Jiff and I got loads of KFC and took it back to the 'van. Then we started cleaning up and packing.


Verdict

Essex is essentially the North of the South. It's where the real southerners come for weekend breaks, and it's cheap and cheerful in much the same way as Blackpool. You know how some Coronation Street residents bugger off to Blackpool at this time of year? If Eastenders wasn't so depressing, some of that lot would go to Clacton once a year too. Actually, what am I saying? They'd go to Turkey. But you get my point. I hope.

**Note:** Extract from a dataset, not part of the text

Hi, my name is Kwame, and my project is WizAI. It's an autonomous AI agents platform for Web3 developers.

The only major flaw with the Sunshine Coast (apart from chavs wearing so much white you can't look at them... remembering how ugly the women are, maybe that's the point) is that it only has one chippy, Susie's, which after the first time we went seemed to be permanently shut. So we ended up eating a lot of pizza and KFC, but that's what we do at home anyway.

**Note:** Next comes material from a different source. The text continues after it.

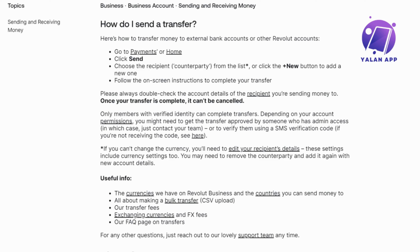Keep an eye on your Revolut app for updates on the transfer status. Remember that the recipient's bank may take some time to process the transaction. Just a quick, friendly heads up — before hitting that Send button on Revolut, make sure your recipient's details are correct, because once it's sent, it's a done deal.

This holiday wasn't as exciting as I may have made it seem. A lot of the time we just lay around the 'van, Jiff playing Angry Birds on his phone while I read Dan Brown, with the news on in the background, the full hideous glory of the phone-hacking scandal unfolding before our eyes. I wasn't watching it. I was on holiday! Give me a break! It's exciting to live through history though. People will talk about the scandal for years. By 2050 it'll be in the school history books, and Rebekah Brooks will be compared to the likes of Hitler and Stalin. I'll save a copy of the last News of the World forever, and tell my grandchildren about how my profession used to be reviled because newspapers called 'tabloids' were full of sleaze.


Monday, 4 July 2011

What the fuck, Johann?

Try as I might, I can't get my head round the recent Johann Hari thing, where he admitted that now and again he basically substitutes whatever his interviewees have said to him for something they've said in an interview with someone else or in their own work. That's bad enough, but Johann also describes body language, sighs and all the rest of it in the same sentences. Here's an example:
“After saying this, he falls silent, and we stare at each other for a while. Then he says, in a quieter voice: 'The facts are clear. Israel has no real intention of quitting the territories or allowing the Palestinian people to exercise their rights'” (www.brianwhelan.net – see that, that's source material right there).
He was subsequently accused of plagiarism, an accusation he called “totally false” before conceding that he does at least “have something to apologise for”. Here is what he wrote, in an Independent article:
“When you interview a writer – especially but not only when English isn't their first language – they will sometimes make a point that sounds clear when you hear it, but turns out to be incomprehensible or confusing on the page. In those instances, I have sometimes substituted a passage they have written or said more clearly elsewhere on the same subject for what they said to me, so the reader understands their point as clearly as possible. The quotes are always accurate representations of their words, inserted into the interview at the point where they made substantively the same argument using similar but less clear language.”
I have several problems with this. Firstly, what can they have said that seems so clear to Johann when they say it, but once he's written it down, it's so incomprehensible that he can't use it? Secondly, if Johann can understand it, why can't we? Thirdly, if Johann can't understand it once he's written it down, what makes him so sure he understood it completely when he heard it said? Fourthly, couldn't Johann re-word the quote slightly so that it makes more sense, without having to resort to a new quote altogether from a completely different – secondary – source? Finally – and I think this is what gets to me the most – who, as a journalist, has the time and inclination to trawl through earlier works by the person they are interviewing, looking for a quote that exactly matches the sentiment expressed in the interview but which now seems unintelligible on the page?
You see, I like Johann a lot, and I would very much like to believe that this is good, standard practice for journalists, but unf
ortunately, I just don't get it at all.